A new album from Sonny Rollins is an event, especially now that he is well into pensioner status. He is a phenomenon on the tenor sax and, even though he doesn’t come from Texas, he has that full-bodied tone that characterises Texan tenorists. He mixes this with Coltrane-like wildness, salted with some jokey quotations.

He is also a considerable composer and he wrote four of the tunes on this CD, starting with the title-track. It is based on a syncopated triplet riff, and Sonny’s playing is astonishing in its power. By contrast, trombonist Clifton Anderson sounds quite restrained but he makes a perfect foil for Rollins, combining with him as a mellifluous front-line pairing. Guitarist Bobby broom plays some tasteful solos, while bassist Bob Cranshaw plays absolutely straight, laying down a solid foundation on which Sonny can build his intricate constructions. Steve Jordan contributes some electrifying drumming, breaking up the beat to add extra spice.

I love the way that Rollins plays ballads, with a sort of tough tenderness. He chooses unhackneyed tunes like Noel Coward’s Somewhere I’ll Find You and treats them with respect, adding occasional touches of affectionate humour. All his ballad performances contain a vein of tender lyricism.

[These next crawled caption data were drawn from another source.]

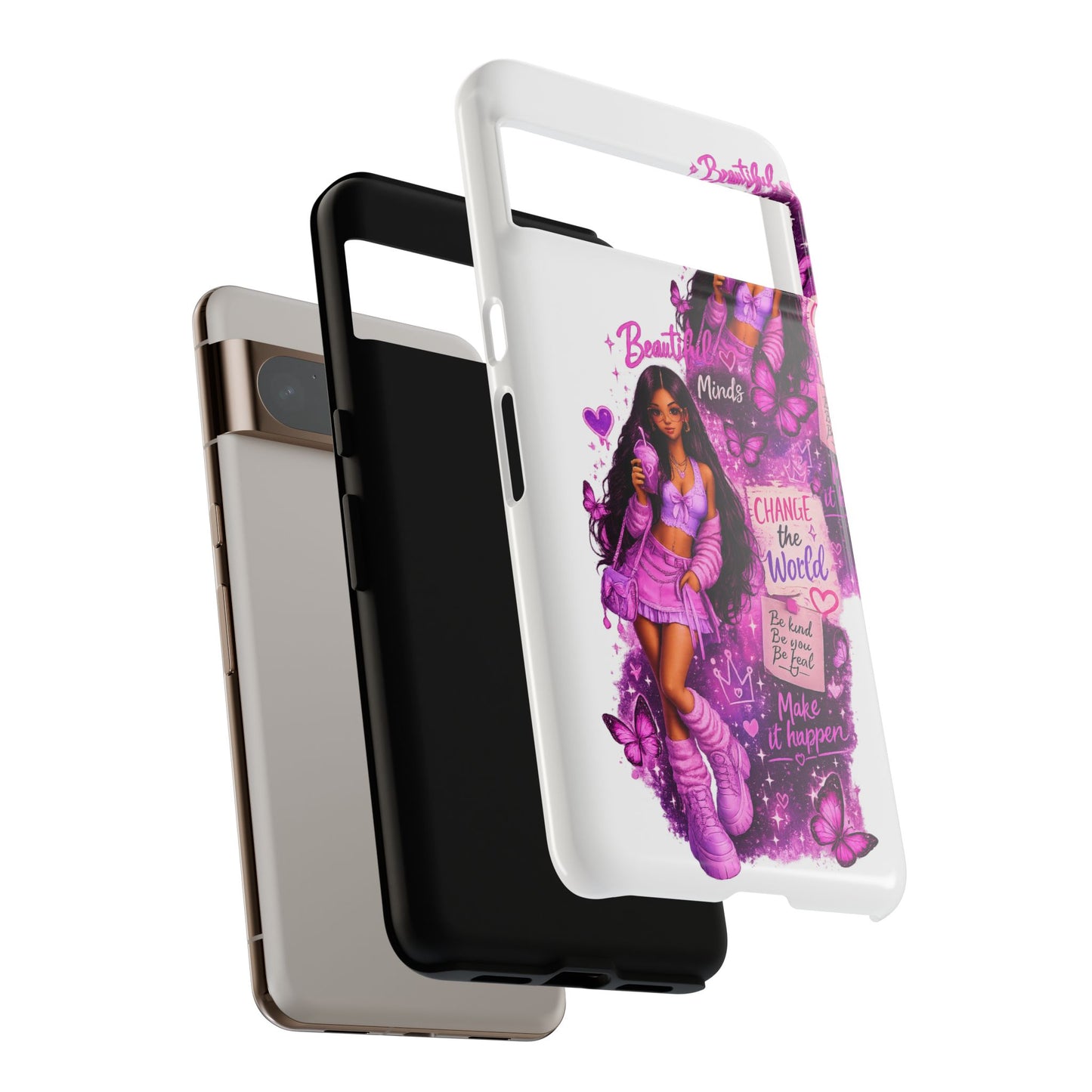 Empowered Girl Phone Case — Pink Butterfly ‘Change the World’ Design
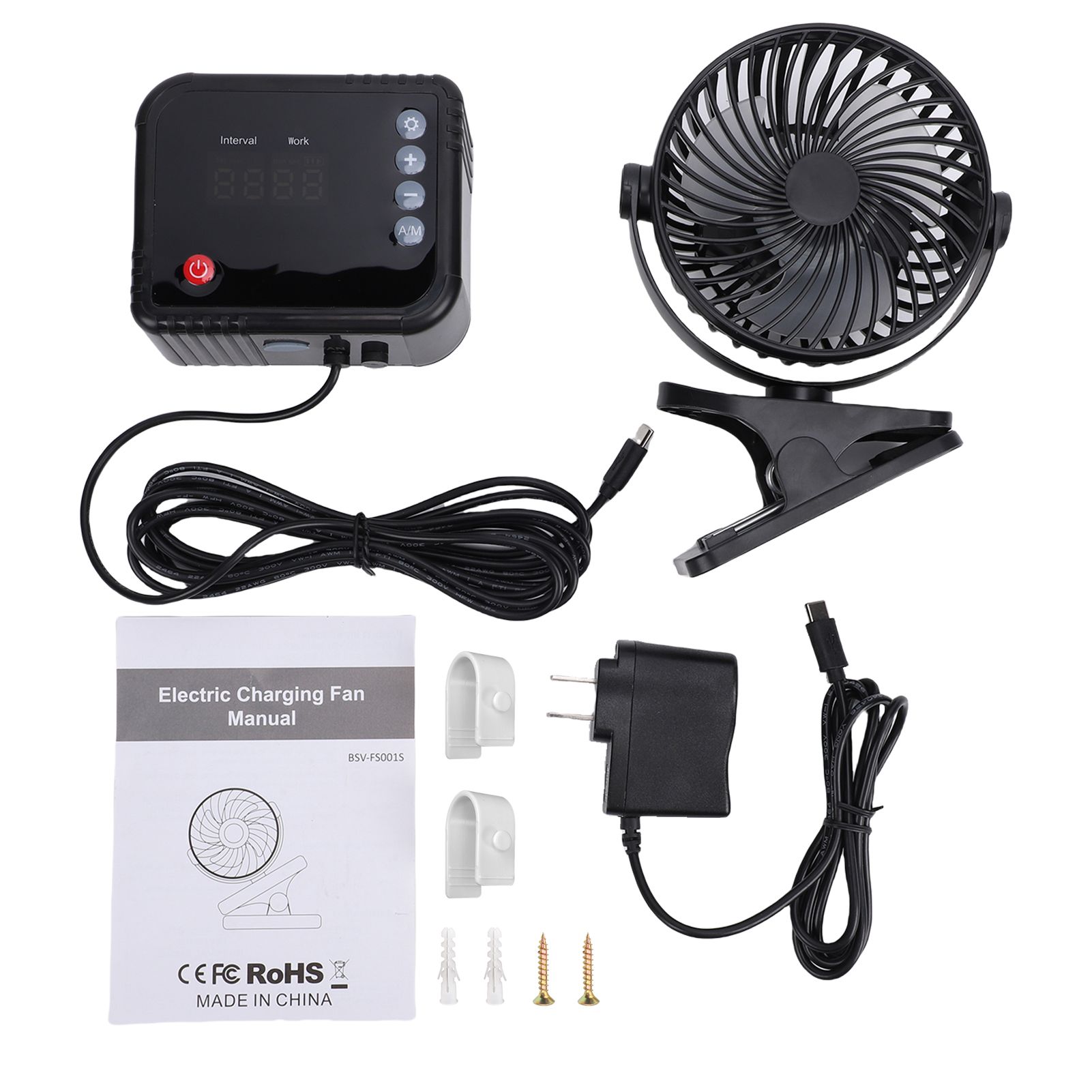 Electric Cooling Fan Digital Display Timer 360 Degree Rotating Clip On view 3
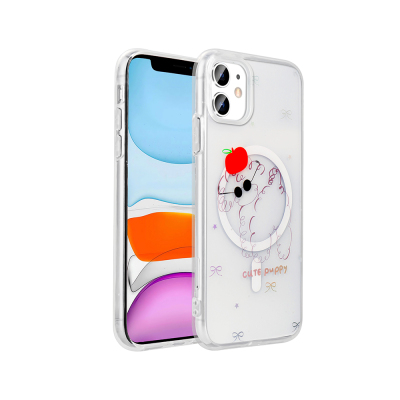 Apple iPhone 11 Case M-Safe Charging Transparent Zore Folk Hard Cover Sevimli Köpek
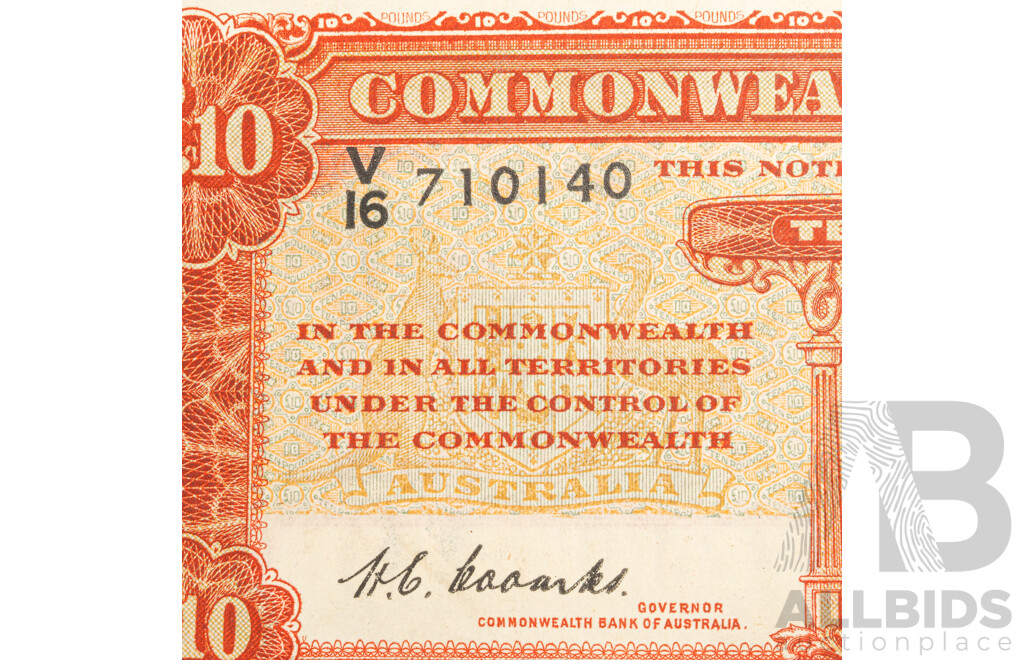 Australian 1949 Ten Pound Note, Coombs/Watt R60, V16 710140, High Grade
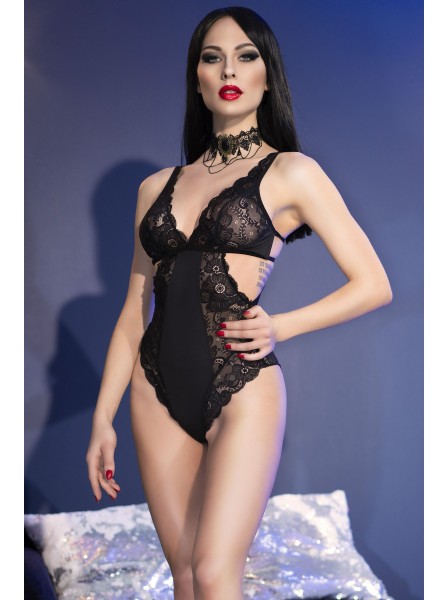 Body in tessuto nero e pizzo con aperture sexy Chilirose in vendita su Tangamania Online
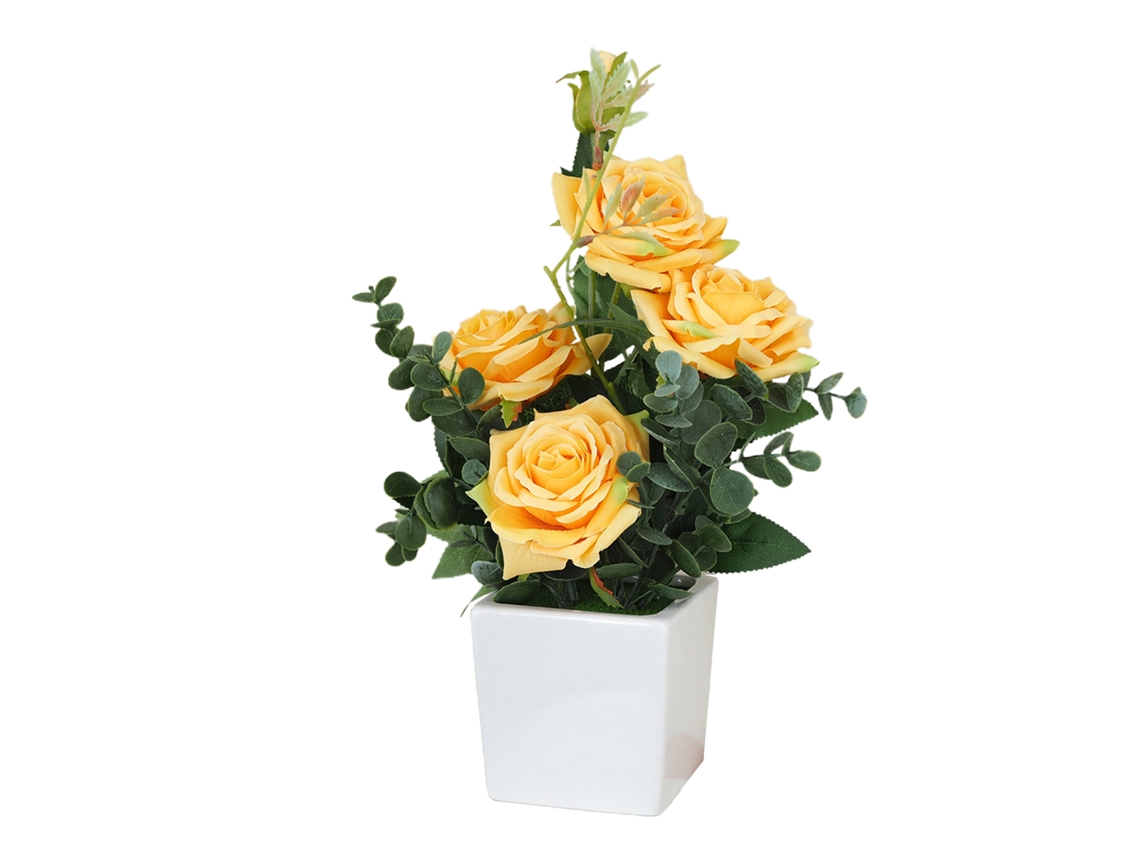 Rosa artificial em vaso de cerâmica, pequeno bonsai, flor simulada em vaso.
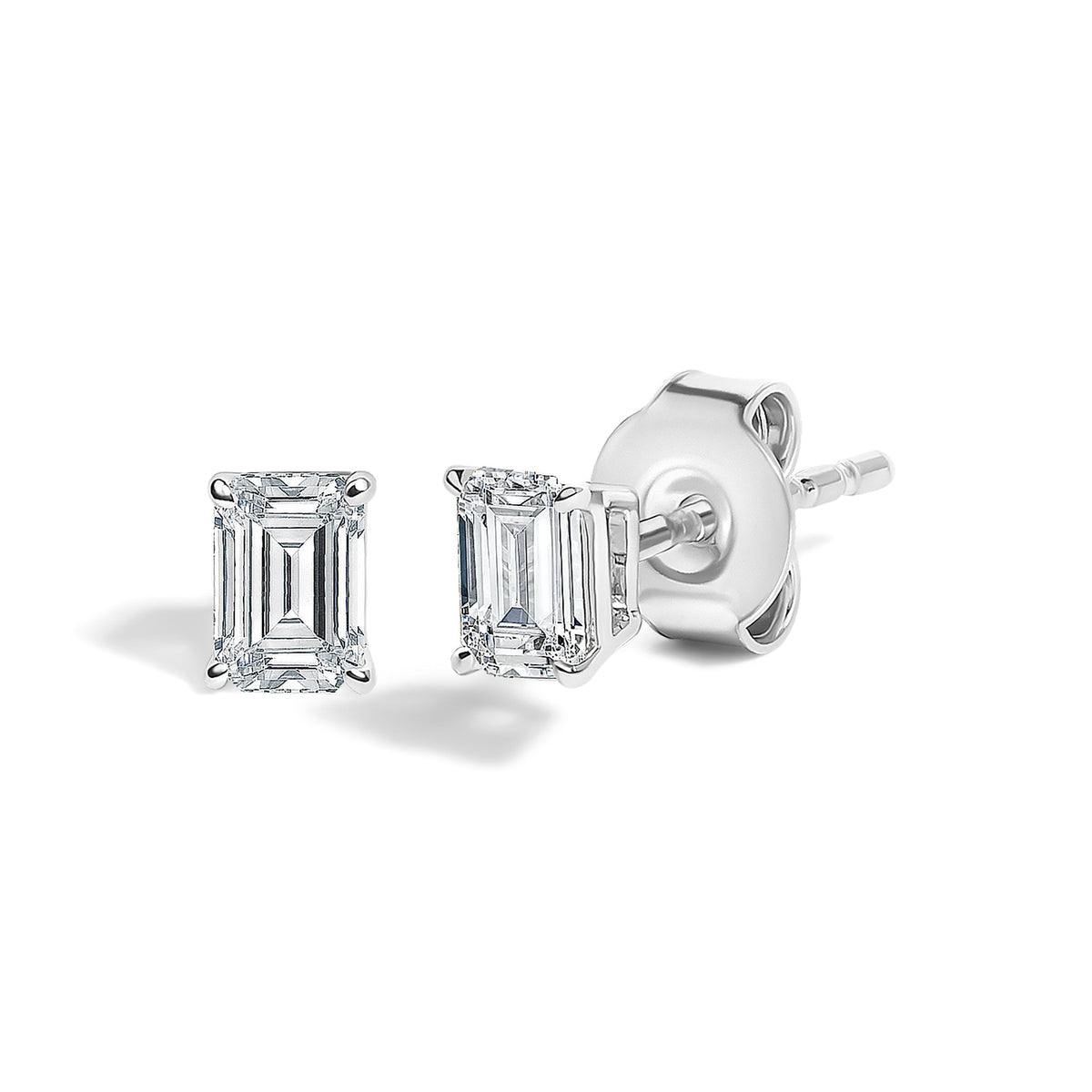 14K White Gold 1/2 Cttw Lab Grown Emerald Cut Diamond Solitaire Stud Earrings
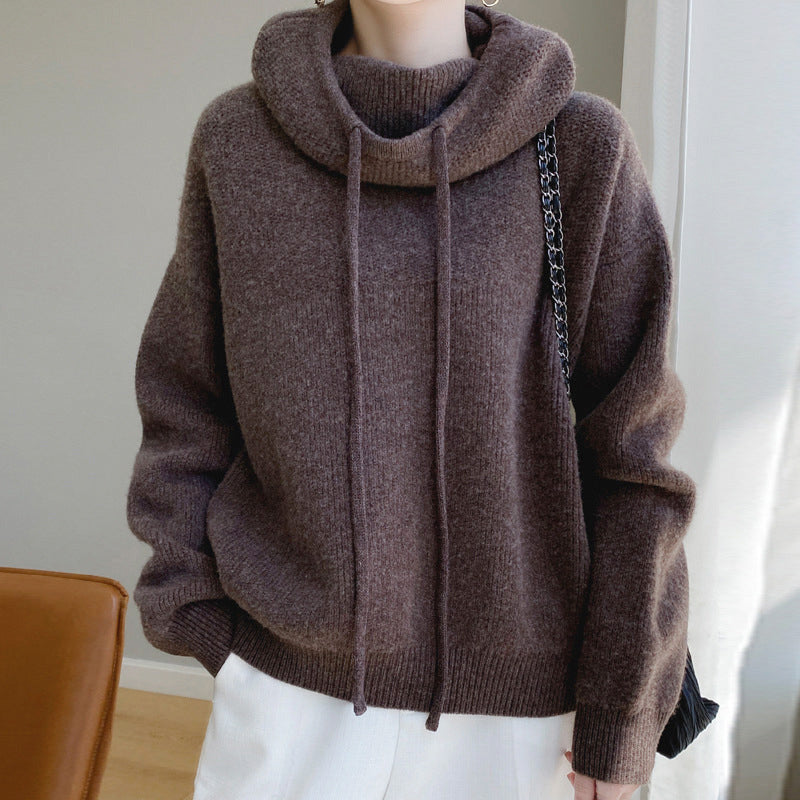 Valeria - Women's Casual Wool Knit Hoodie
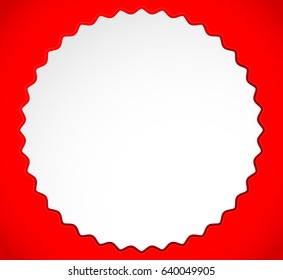 Badge, starburst, sunburst button background. Blank badge, button shape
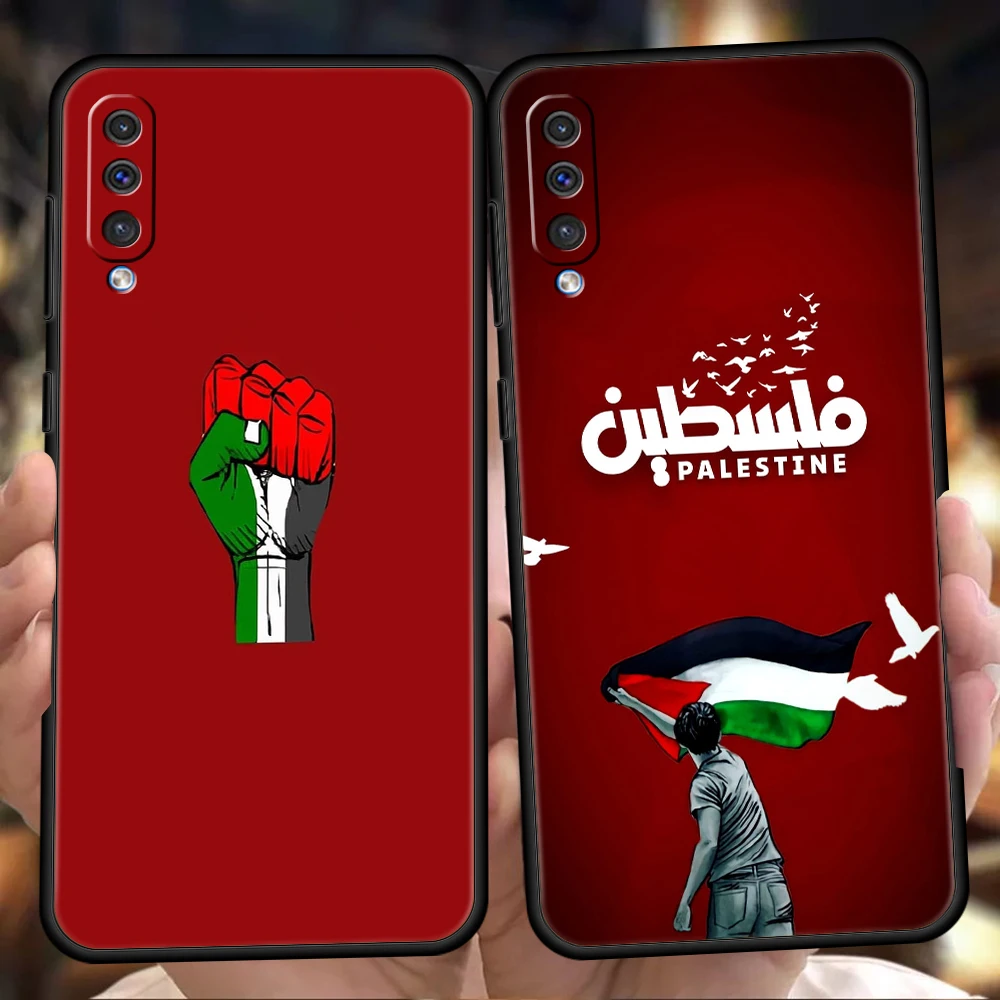 

Palestine Flag Phone Case For Samsung Galaxy A53 A73 A33 A23 A13 A12 A22 A02 A50 A70 A20 A10 A20S 5G Black Silicone Cover Fundas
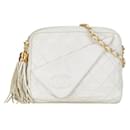 Chanel Matelasse Coco Mark Tassel Chain Shoulder Bag White Lambskin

Rollins’ original Remembering Tommy is particularly catchy, and on Nishi (another of his compositions) he makes the saxophone growl and grunt as if he’s playing rhythm-and-blues, ending with a berserk outbreak reminiscent of Roland Kirk. The album ends in calypso mood, with the sort of Caribbean atmosphere that Rollins helped to popularize in jazz. Anderson’s muted trombone flutters attractively, and Rollins makes a naughty allusion to Swanee River!

Every Rollins performance sounds exploratory – avoiding easy clichés and keeping the listener alert because you never know what’s going to happen. Sonny, please – keep on playing with this level of inspiration, preferably for ever!